Burning Witch

Crippled Lucifer

BY Chris AyersPublished Jan 21, 2008

Doom-dirge practitioners Burning Witch have long since shuffled off this mortal coil but this reissued compilation — now expanded to two CDs — collects all their recordings with a lavishly thick 40-page booklet of photos, medieval images and essays. Subtitled Ten Psalms for Our Lord of Light (a twist on the original limited-edition Seven Psalms released in 1998), Crippled Lucifer is a must for all doom fans. The Towers… disc predates the predominant dirge that would put Stephen O’Malley’s Sunn0))) on the metal map and seems more Grief-inspired, with tasteful feedback and prolonged chords of woe. The standout is the semi-upbeat "The Bleeder,” taken from the out-of-print split with Goatsnake.
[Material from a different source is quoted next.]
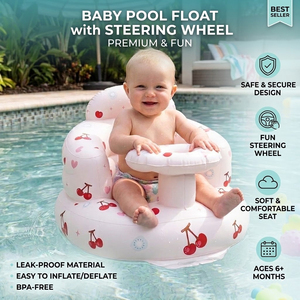 Sofá Inflable Portátil para Bebés con Bomba, Asiento de Piso para Niños de 3 a 36 Meses, Silla de Actividades para Niños y Niñas, Diseño de Cereza - Product Image 3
Once only available on the vinyl Asva split, the title track of the Rift.Canyon.Dreams disc sees its CD debut here: an impossibly bleak 13-minute epic that melds lonely goth vocals to minimalist funeral sludge, like Yob at 16 rpm. Though an early member of the Witch, guitarist Greg Anderson left to form Goatsnake and didn’t appear on these recordings, yet their guitar tone is very similar to what would become Goatsnake’s specific gravity. Though Burning Witch long swapped ice water for blood, Crippled Lucifer keeps their corpse warm.